In Aleph this is achieved using ElasticSearch and exposed via the /api/2/entities/<id>/expand API endpoint.
Interstitial entities
A link between two entities will have its own attributes. For example, an investigator looking at a person that owns a company might want to know when that interest was acquired, and also what percentage of shares the person holds.
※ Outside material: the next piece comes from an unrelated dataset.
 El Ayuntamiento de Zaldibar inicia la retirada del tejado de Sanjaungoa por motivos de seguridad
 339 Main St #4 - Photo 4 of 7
This is addressed by making interstitial entities. In the example above, an Ownership entity would be created, with references to the person as its owner property and to the company as its asset property. That entity can then define further properties, including Interval:startDate and Ownership:percentage:
{
"id": "ownership-entity-id",
"schema": "Ownership",
"properties": {
"owner": ["person-entity-id"],
"asset": ["company-entity-id"],
"startDate": ["2020-01-01"],
"percentage": ["51%"]
}
}
Warning
It is tempting to simplify this model by assuming that entities derived from Thing are node entities, and those derived from Interval are edges. This assumption is false and will lead to nasty bugs in your code.
Streams
Many tools in the FtM ecosystem use streams of entities to transfer or store information. Entity streams are sequences of entity objects serialized to JSON as single lines without indentation, separated by newlines.
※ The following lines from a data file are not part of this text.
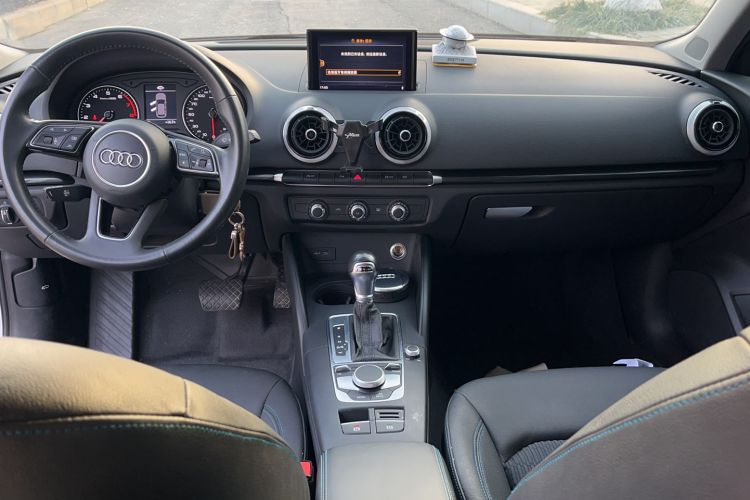 Used Audi A3 2020 Sportback 35 TFSI Fashion Edition China VI Emission Standard Interior 3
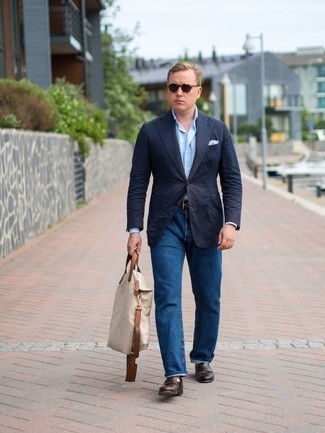 С чем носить голубой нагрудный платок с принтом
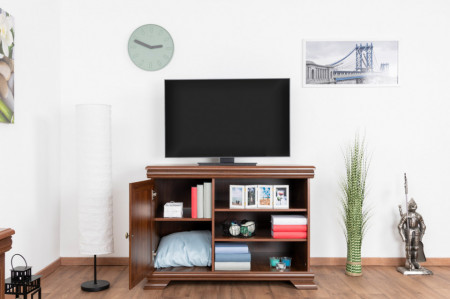 Comoda RTV Kora, Nuc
Entity streams are read and produced by virtually every part of the CLI, by the OpenAleph API, and by ingestors. When stored to disk, use the extensions .ftm or .ijson. The writer emits id as the first key on every line, so a plain sort orders the stream by entity ID — this property is what makes sort-based aggregation practical on datasets larger than memory.
Entity representations
In the Python library, the same data model can be manipulated through two entity classes with different tradeoffs:
ValueEntitystores property values as flat lists of strings. Dataset membership, first-seen, and last-seen timestamps live as entity-level fields. This is the default representation for most workflows — streaming, aggregation, exports, display — and it is what theftmCLI emits and consumes.StatementEntitystores each property value as an individual statement, carrying per-value provenance: which dataset it came from, when it was first and last seen, the original unnormalized text, the language, and the statement origin within the pipeline. AStatementEntitycan be unrolled into its constituent statements and reassembled from them, which is what enables canonical-ID deduplication and file-based entity aggregation over huge datasets.
Use ValueEntity by default. Reach for StatementEntity when the pipeline needs to retain per-value provenance (data journalism, sanctions lists with multiple source attributions), when building crawlers that integrate many overlapping sources, or when working with systems — like nomenklatura — that deduplicate by assigning canonical IDs across source entities.
Both classes derive from EntityProxy and share the same property access API (add(), get(), pop(), iterprops(), schema, id). EntityProxy itself is being phased out as a direct dependency — new code should subclass or instantiate ValueEntity or StatementEntity rather than EntityProxy.